Sign up to take part
Registered users can ask their own questions, contribute to discussions, and be part of the Community!
Added on November 27, 2020 11:56AM
Likes: 0
Replies: 11
Hello,
I am trying to use variable expansion to rename my clusters_label column and some date matching operations with formula.
1. A same formula code works with the "group" recipe, but not formula in "prepare" recipe.
2. The third way of accessing variables in formula of recipe are not idempotent.
${variable_name}, variables.variable_name, variable_name
have different results.
3. Spark engine outputs empty column while local stream has the correct output.
Do you have any suggestion/solution on this? Thank you very much.
PS: I have to use Spark(due to the data volume) and formula in recipe.
Hi,
1) Can you share the formula, and where/how it's used in the various recipes
2) what are the different results? Note that using ${...} means you replace the value directly in the formula text, so it happens before evaluation (as opposed to the other 2)
3) is it with the formula of 1) ? or an unrelated recipe?
Hello, Thank you for you quick response.
Example 1:
Hereby the variable
{ "cluster_model_1_naming_mapping": [ {"cluster": "cluster_outliers", "new_name": "HCA-BF-HP-BN"}, {"cluster": "cluster_0", "new_name": "BCA-BF-BP-HN"}, {"cluster": "cluster_1", "new_name": "BCA-BF-HP-BN"}, {"cluster": "cluster_2", "new_name": "BCA-BF-BP-BN"}, {"cluster": "cluster_3", "new_name": "BCA-HF-BP-BN"}, {"cluster": "cluster_4", "new_name": "HCA-HF-BP-HN"}, {"cluster": "cluster_5", "new_name": "MCA-BF-BP-BN"} ] }
The formula used is
filter(variables.cluster_model_1_naming_mapping, item, item["cluster"] == cluster_labels)[0]["new_name"]
Where cluster_labels is the output column of a KMeans model, whose values are "cluster_1", "cluster_2" .. and so on.
With this formula, the normal engine works but Spark gives nothing.
Example 2:
For formula in group recipe
(arrayContains(${precedent_years}, val('date_creation_order_year'))) && (arrayContains(${trimesters_to_analyse}, trimester))
with variables
{ "precedent_year": [2018, 2019], "trimesters_to_analyse": [2, 3] }
This works well in group recipe pre-filter formula but not for the prepare recipe formula.
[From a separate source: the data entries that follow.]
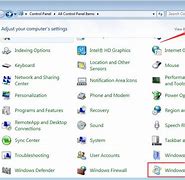 Image result for HP Graphics Driver Update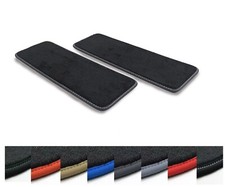 Tapis de Sol D'Escalier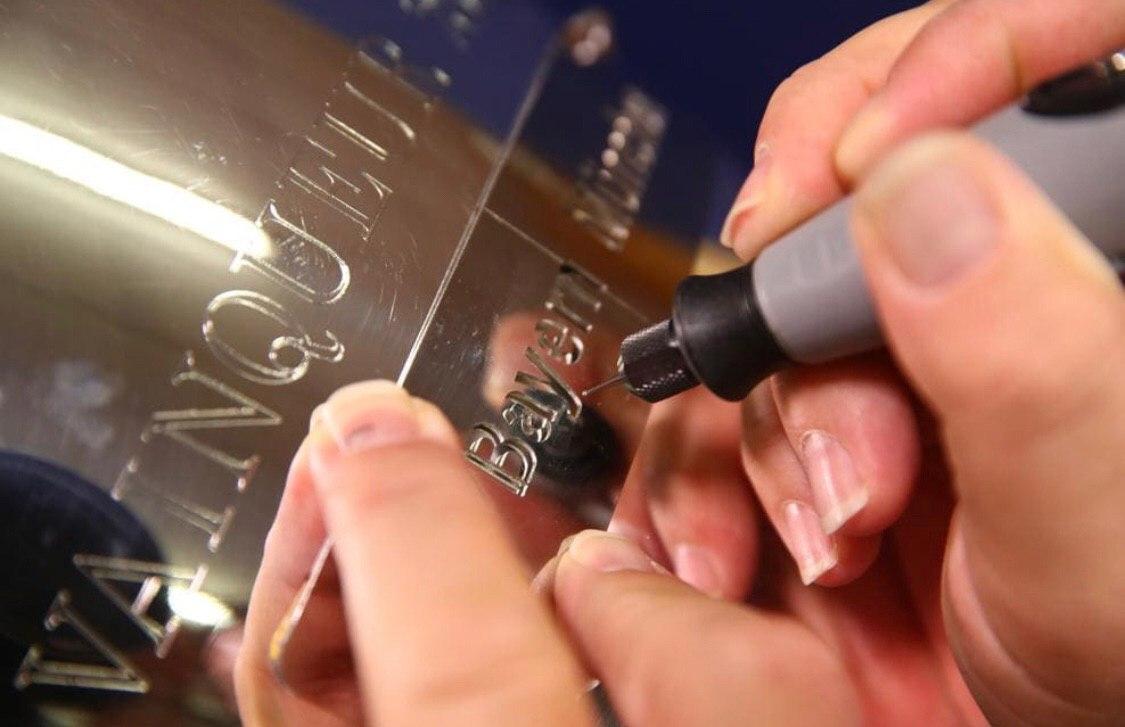 قهرمانی بایرن مونیخ در لیگ قهرمانان اروپا به روایت تصویر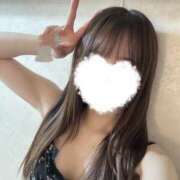 ヒメ日記 2025/05/01 07:06 投稿 おとは バイオレンス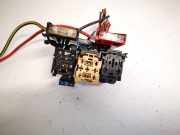 Sicherungen Audi A4, B5 1999.09 - 2001.08 facelift 8a0937530,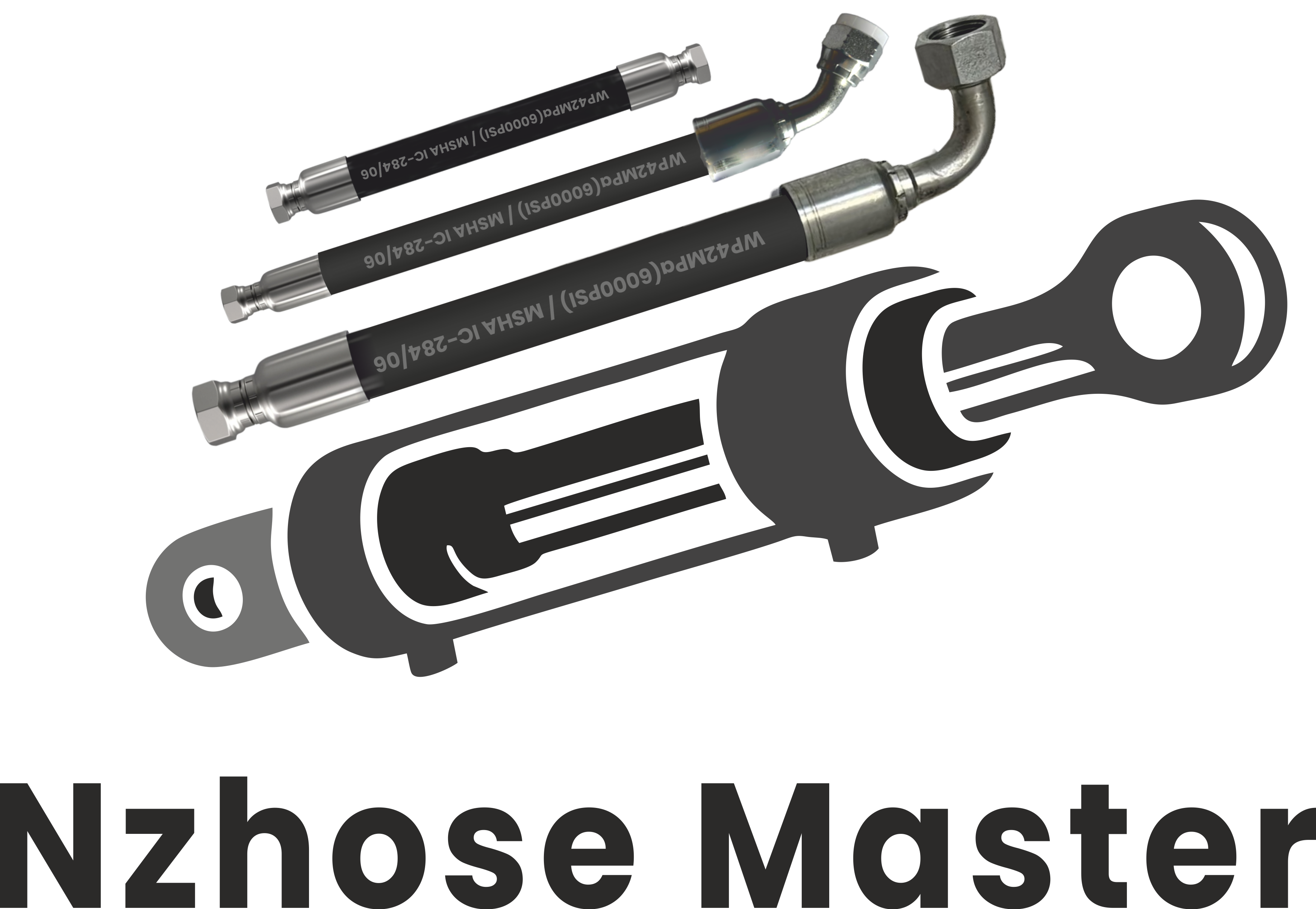 nzhosemaster.com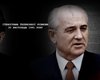 Чому РФ окупувала Крим та Донбас: ЗМІ розсекретили таємні погрози Кремля (відео)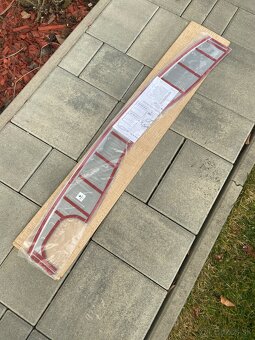 Renault Talisman Grandtour - 2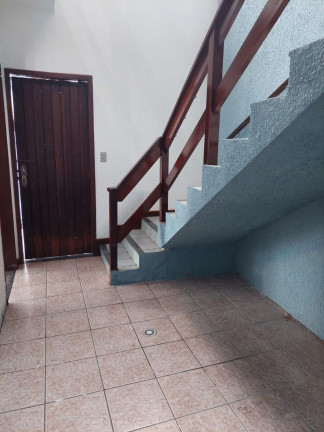 Imagem Casa com 3 Quartos à Venda, 218 m² em Piatã - Salvador Imagem Casa com 3 Quartos à Venda, 218 m² em Piatã - Salvador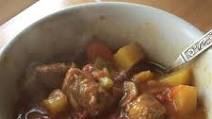Cozy Cottage Beef Stew Soup Cozy Cottage Beef Stew Soup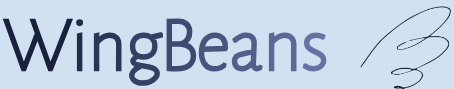 WingBeans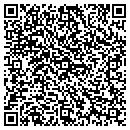 QR code with Als Home Improvements contacts
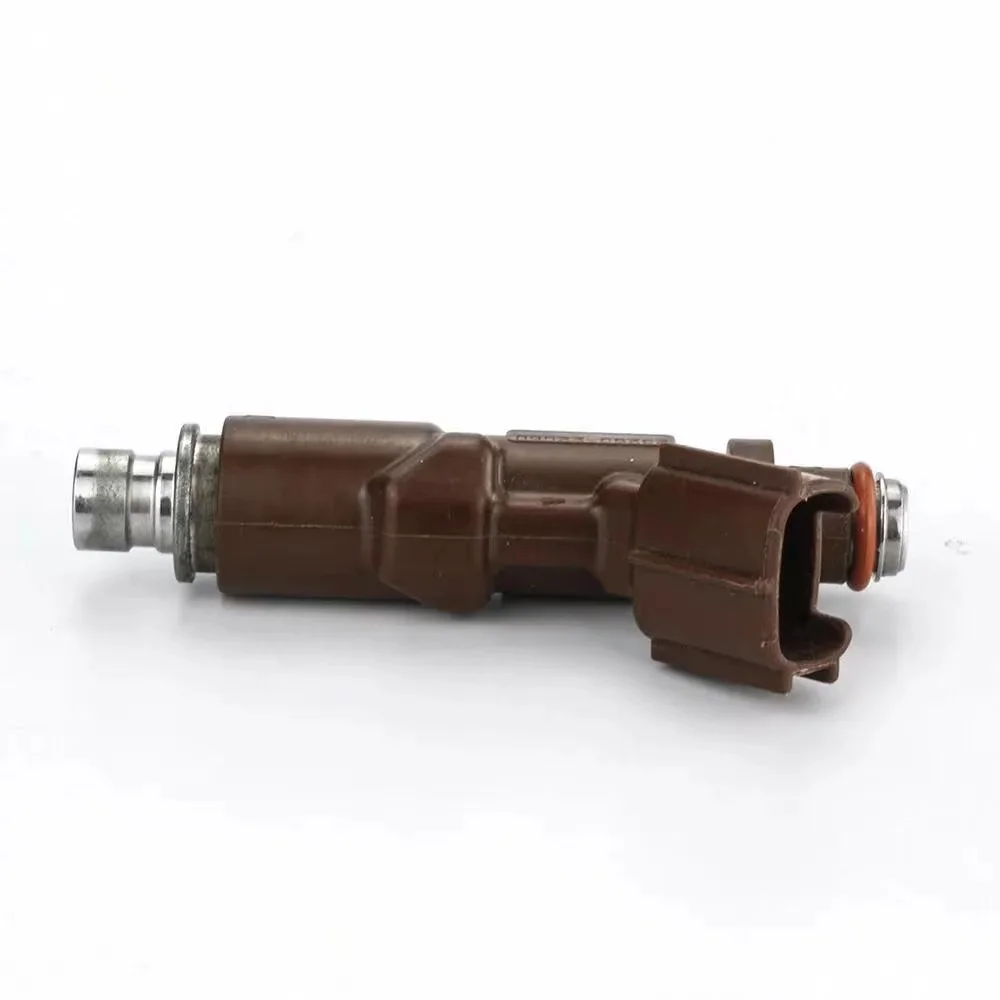 

Fuel injector 23250-22060 for 00-06 Toyota Celica Matrix Pontiac 1.8L 2ZZGE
Simply I want to filter the lines with the correct year in the range and the correct range of trimester.
I am thinking that this may be because of the non-idempotent problem of retrieving values of variables expansion.
Thank you
for the Spark issue, indeed in Spark variables are not available via the `variables` object. You need to use `parseJson(${cluster_model_1_naming_mapping})` instead
The second issue is more puzzling. Can you show the step of the Prepare recipe where you use the formula?
For Spark issue, the editor of formula gives me this error:
Formula is invalid : Incorrect formula: 'filter(parseJson([{"cluster":"cluster_outliers","new_name":"HCA-BF-HP-BN"},{"cluster":"cluster_0","new_name":"BCA-BF-BP-HN"},{"cluster":"cluster_1","new_name":"BCA-BF-HP-BN"},{"cluster":"cluster_2","new_name":"BCA-BF-BP-BN"},{"cluster":"cluster_3","new_name":"BCA-HF-BP-BN"},{"cluster":"cluster_4","new_name":"HCA-HF-BP-HN"},{"cluster":"cluster_5","new_name":"MCA-BF-BP-BN"}]), item, item["cluster"] == cluster_labels)[0]["new_name"]' : Missing number, string, identifier, regex, or parenthesized expression(Parsing error at offset 18)
(Sorry I don't have time at this moment for the second one, please allow me to do this in later post.)
apologies, I lost the quotes when copying: it should be `parseJson('${cluster_model_1_naming_mapping}')`
Thank you, it worked this way.
Finally I believe that the second example is the same problem of the quote.
Have a nice day!
Hello.
There is a problem with formula again. I used what you suggested as formula and it worked in the "prepare" dataset recipe. This time, I use the same formula in create computed colunms in a "joined recipe" and the parser failed to parse the filter function.
This is the formula
filter(parseJson('${cluster_model_1_naming_mapping}'), item, item["cluster"] == before_cluster_labels)[0]["new_name"]
The error is showed as in the picture
Thank you in advance for your help.
Hi,
this is indeed a parse-time error, and the recipe will pretend to be incorrectly setup, but the expression seems actually correct so the recipe should be working fine if you run it
Hi I ran the formula but the same error appears.
considering the operation you're doing (enriching a dataset with a fixed set of values), you should try putting the mapping in an Editable dataset and doing a Join recipe to get the mapped value.
If you absolutely need to use a Grouping recipe, can you check the version of DSS you are using?
Thank you. I am using the DSS 7.0.
It's a good idea with editable dataset. In fact, the formula worked in the prepare recipe, I could use the formula in prepare recipe too. The reason why I try to use this, it's to reduce the the shape of the flow. If I use the Editable dataset, once I need to use the variables in several places, it will ruin the shape of the flow and reduce the maintenanablity.
Thank you very much. I guess that I will have to use another solution.
I am looking forward to your future improvement on this function.